The ghazal in its traditional Arabic and Urdu is built of couplets, each self contained, but connected in the ear by both a refrain at the end of each second line, and a rhyme that occurs both at the end of the first line and just before the refrain in the second line. There are other formal requirements, too, but those are the main ones. It's traditionally an oral form: the poet recites it and the audience comes in for the refrain. The rhyme just before the
refrain helps cue the listeners.
Contemporary poets experimenting in English have made free with this. Understandable: English is so rhyme-starved, and most of us don't recite to enthusiastic, poetry-literate crowd, alas. As with the haiku, those of us adopting the form in English are missing some things, but finding others uniquely our own.
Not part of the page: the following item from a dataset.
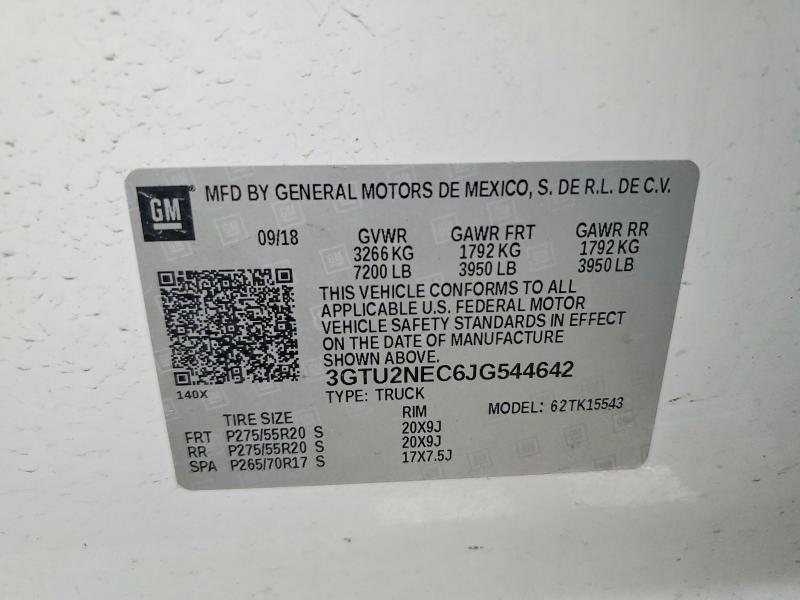 Продажа на аукционе авто 2018 Gmc Sierra, vin: 3GTU2NEC6JG544642, номер лота: 49291296
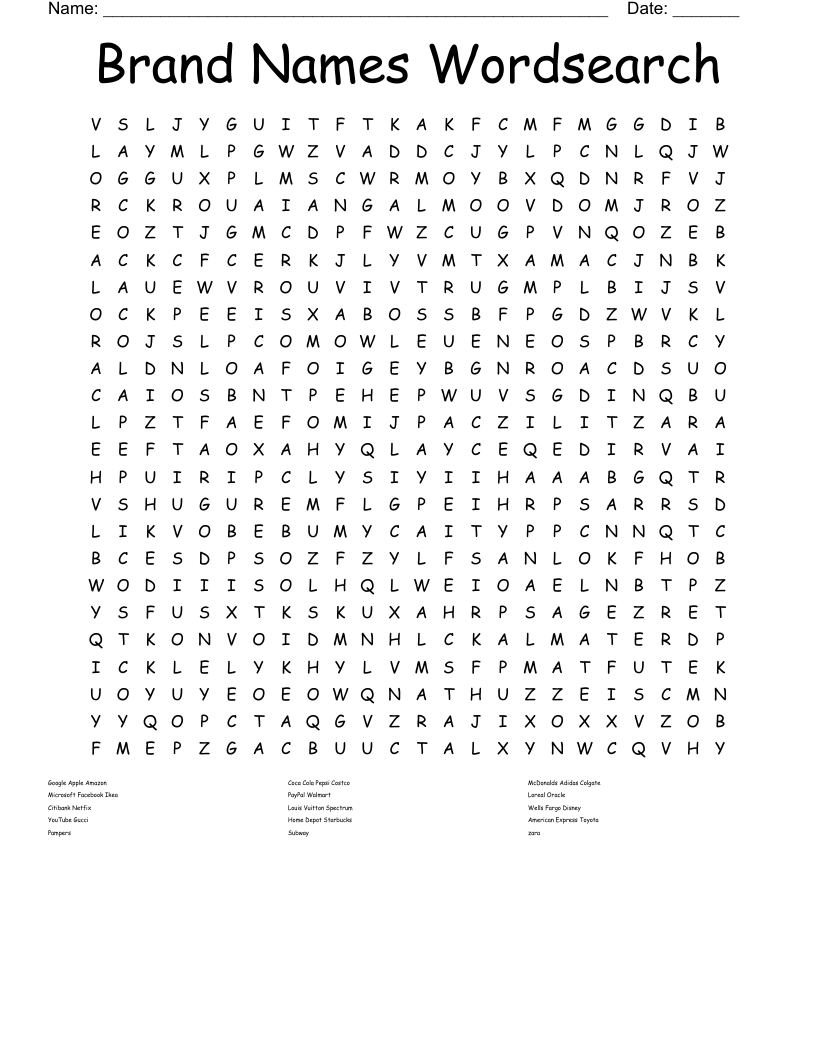 Brand Names Wordsearch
I am just beginning to play with the form, and have kept only the requirement that a ghazal be five to seven couplets long, and that each couplet be self-contained. (They are connected, but the connections are mysterious.) The addition of the borrowed first couplet is my own idea. Previous outings:
... beginning with lines from Szymborska
... beginning with lines from Roethke
... beginning with a couplet from Crozier
enjoy the form and recommend it to y'all. Crozier's Bones in their Wings (from which I borrowed the couplet above) includes a good essay on the ghazal in English in Canada. Plus it's a smashing collection of ghazals. Go get it.